— А я просто Дарина. Можно Даня.
— Приятно.
Постарался улыбнуться не фальшиво. И отвернулся, готовый покинуть эту комнату. И забыть о ее хозяйке.
— Вы только не думайте, я не наркоманка! На руках — это от лекарств и капельниц!
Рэм застыл. Оглянувшись, выдавил:
— Да я и не думаю…
Вранье! Именно так и думал. И девчонка это прекрасно понимала.
— Думаете.
— Слушай, мы с тобой чужие люди. Какая тебе разница, что я думаю?
Девушка дернула плечом.
— Может, вы последний человек, с которым я познакомилась. Я не хочу, чтобы обо мне кто-то плохо вспоминал.
Та-ак… Час от часу не легче! Рембрандт обреченно вздохнул. Выходит, его миссия здесь отнюдь не завершена. С сомнением посмотрел на туфли. Нагнулся, расстегнул липучки. Оставил обувь у двери, протопал через всю комнату к столу, опустился на бледно-зелененькое, под тон обоев и ковра, кресло. И строго взглянул на девушку.
— Дарина! Что за глупость ты сейчас сказала?
Та посмотрела на мужчину удивленно и даже немного испуганно. Видимо, не могла понять, в чем ее хотят еще обвинить.

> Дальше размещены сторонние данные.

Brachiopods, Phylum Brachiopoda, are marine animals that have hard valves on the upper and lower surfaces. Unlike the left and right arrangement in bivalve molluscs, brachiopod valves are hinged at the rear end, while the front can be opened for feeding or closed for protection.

А когда сообразила, охнула, закрыла ладошкой рот.
— Рэм, вы меня неправильно поняли! Я не собираюсь… это я не о суициде говорила. Просто…
— «Просто» что?
Девушка молчала, смотрела нерешительно. Что там еще за тайна? Вон даже губки облизнула, так волнуется.

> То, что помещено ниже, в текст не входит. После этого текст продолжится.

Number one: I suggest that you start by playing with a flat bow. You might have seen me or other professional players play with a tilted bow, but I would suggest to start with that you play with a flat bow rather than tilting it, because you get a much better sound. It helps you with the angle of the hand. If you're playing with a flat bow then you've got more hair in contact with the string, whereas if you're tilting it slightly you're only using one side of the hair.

— Хорошо, я скажу. Обещайте, что не начнете меня жалеть. Терпеть не могу, когда все смотрят на меня, будто…
Рембрандт пожал плечами:
— Как скажешь.
Девушка набрала полную грудь воздуха. И выпалила:
— Я умираю от лейкемии. Острый лейкоз. — Перевела дыхание. И добавила, будто точку в диагнозе поставила: — Вот.
В комнате установилась тишина. Полная. Только шум проезжавших по дороге машин долетал. Рембрандт растерялся. «Растерялся» — слабо сказано! Он был ошарашен подобным заявлением. Не знал как себя повести, что сказать. Так и сидели молча, глядя друг на друга. Наконец попытался хоть что-то ответить:
— Дарина, ты опять говоришь глупости. Болеть лейкемией вовсе не значит умирать. У нас же не двадцатый век на дворе! Тысячи людей лечатся от этой болезни. И выздоравливают.
Девушка улыбнулась. Снисходительно.
— Я знаю статистику. Девяносто два процента выздоровлений. Но девяносто два — это не сто. Мне не повезло, я попала в оставшиеся восемь. И как от нее лечат, знаю. На своей шкуре испытывала. Три года по больницам. Разве не заметно? — Она погладила жиденькие волосики на голове. — Башка почти лысая. Жалко, раньше у меня волосы красивые были… Ну ничего, мама мне парик шикарный купила. Чтобы, когда в гробу лежать буду, страшилой не выглядела.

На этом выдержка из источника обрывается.